Intervenção Para Jesus, realizada na Conde da Boa Vista. Foto: Thiago Liberdade

Intervenção Para Jesus, realizada na Conde da Boa Vista. Foto: Thiago Liberdade

No fim do ano passado, alguns integrantes do Grupo Magiluth foram levados para a Delegacia de Santo Amaro para prestar esclarecimentos. Tinham sido flagrados pelas câmeras de segurança espalhadas pelo Bairro do Recife modificando os nomes das ruas. Todas ganharam um só título: Eduardo Campos. Rua Eduardo Campos, Avenida Barão Eduardo Campos e por aí vai. Eles colavam em cima dos nomes originais um adesivo com a mesma cor e letra. Para piorar a situação com a polícia, logo que foram abordados, um dos militares se espantou: “Mas são vocês de novo?”.

Isso porque, dias antes, o ator Lucas Torres foi detido (e quase linchado pela população) depois que estourou uma lâmpada fluorescente no também ator Erivaldo Oliveira. Esse último dançava “Para Jesus” em plena Avenida Conde da Boa Vista, um dos lugares mais movimentados da cidade. A ideia da performance veio da Marcha para Jesus, passeata de evangélicos, e também de vídeos como “O Passinho do Abençoado” e “Pastora Luciana sapateia na cara do demônio”.

As duas ações foram propostas pelo Magiluth dentro do projeto Intervenções urbanas com mídias locativas, apoiado pelo Funcultura. O livro com os registros das performances do grupo será lançado nesta quinta-feira, às 19h, na Rua da Alfândega, no Bairro do Recife. Cem exemplares devem ser distribuídos gratuitamente.

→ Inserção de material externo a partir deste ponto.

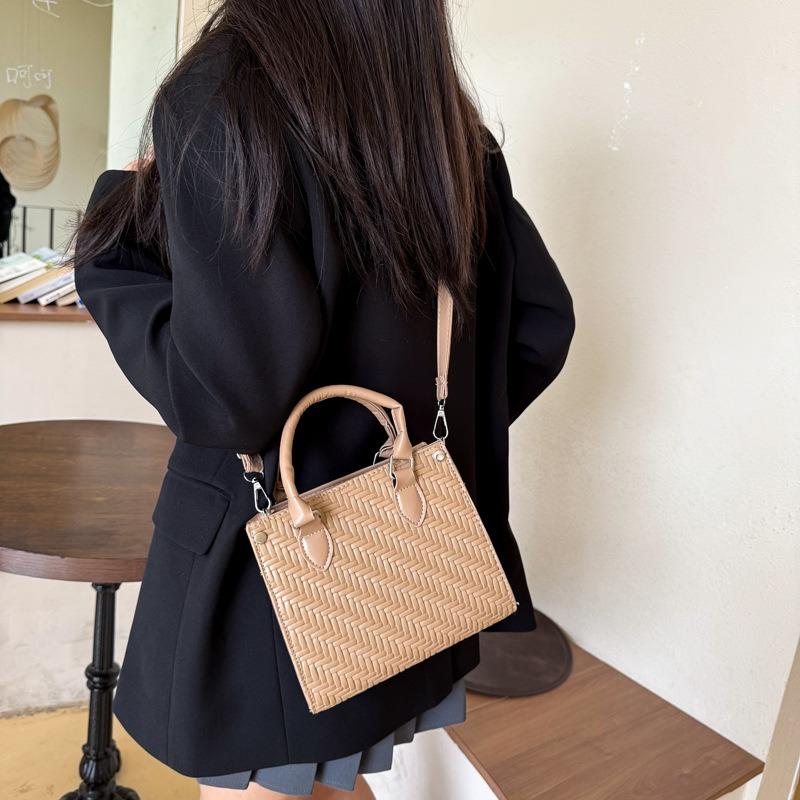 Autumn new women's bag simple handbag temperament shoulder bag casual commuter messenger bag is popular today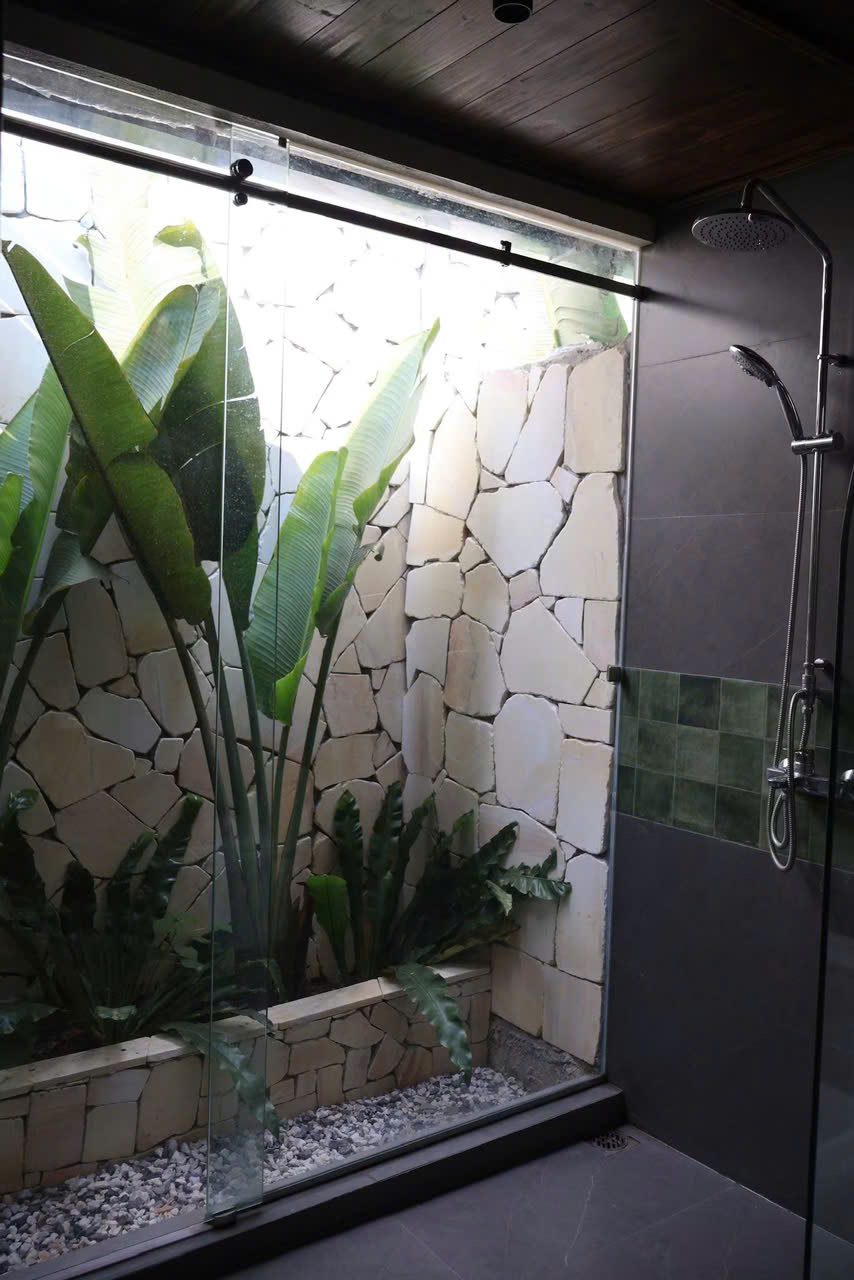 Homestay — phòng tắm ngoài trời, vách đá
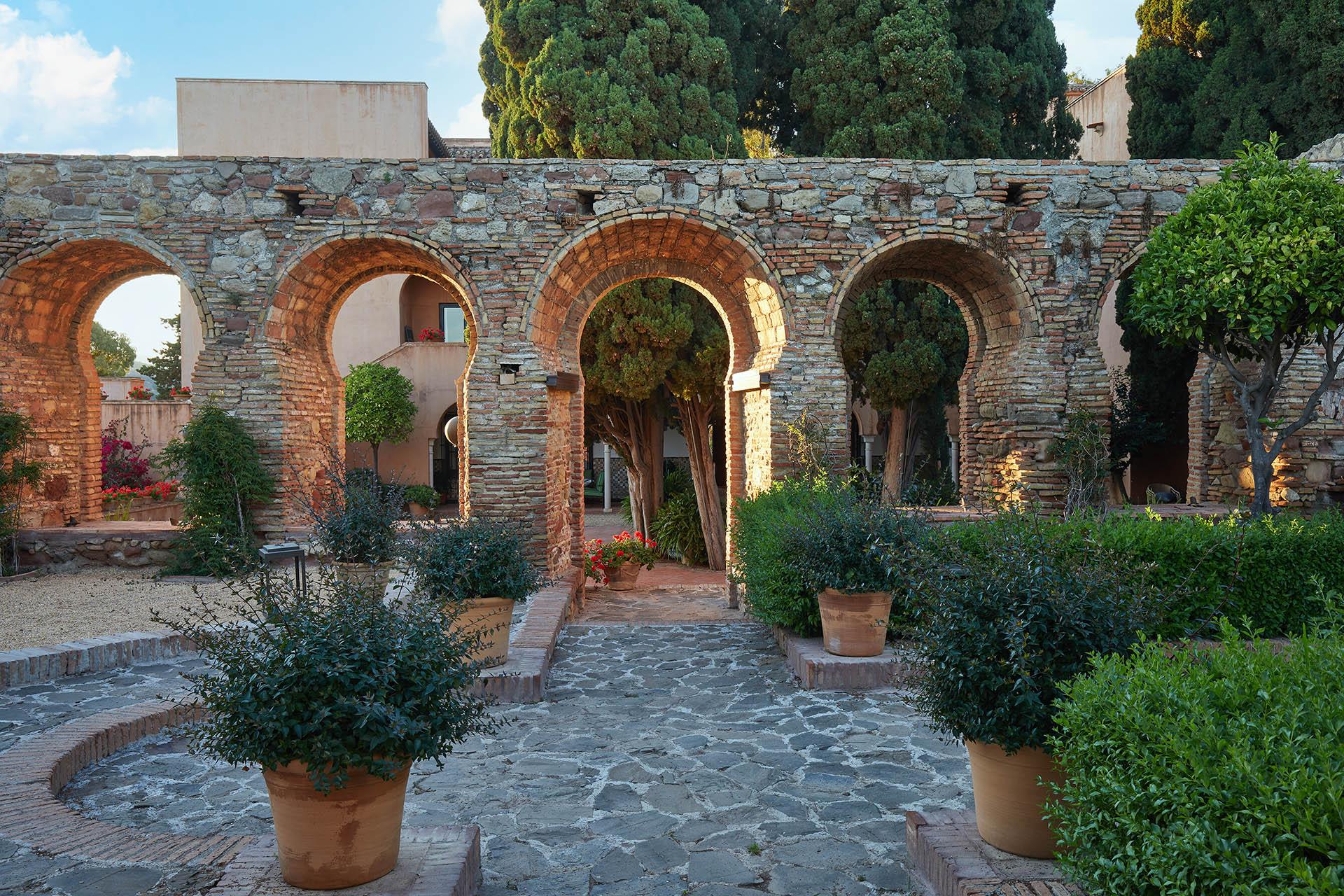 Soho Boutique Castillo De Santa Catalina - Adults Recommended Málaga Exterior foto The Roman aqueduct of Ansignan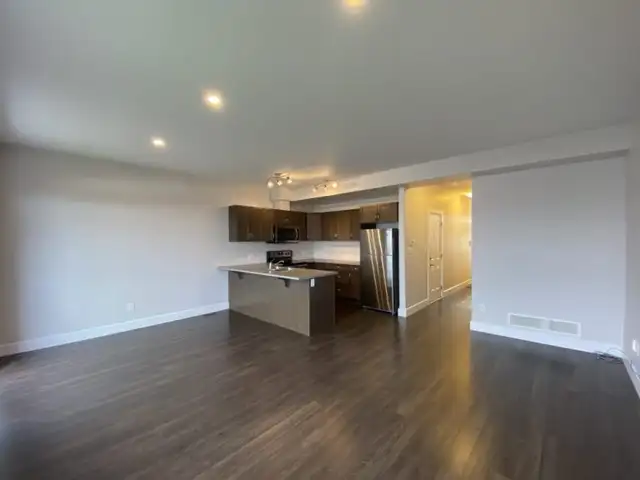 Great 3 bed townhome in Amherstview - 197 Pratt | Long Term Rentals | Kingston | Free local classifieds - Kijiji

Durante a realização das ações – 24 no total (algumas realizadas em duplas, quartetos, outras pelo grupo inteiro) – as ideias não eram divulgadas previamente. Poucos minutos antes das intervenções ou mesmo depois, o registro era feito através do Facebook e do Instagram.

Eles não queriam espectadores; ou, melhor, não aqueles que esperavam por uma apresentação de um grupo de teatro. “Depois de um tempo, nas ruas principalmente aqui no Centro, onde a maior parte das ações foi executada, as pessoas já nos encontravam e diziam: lá vão os azulzinhos”, brinca o ator Pedro Wagner. Era uma referência às roupas de operário que todos os atores vestiam durante as intervenções.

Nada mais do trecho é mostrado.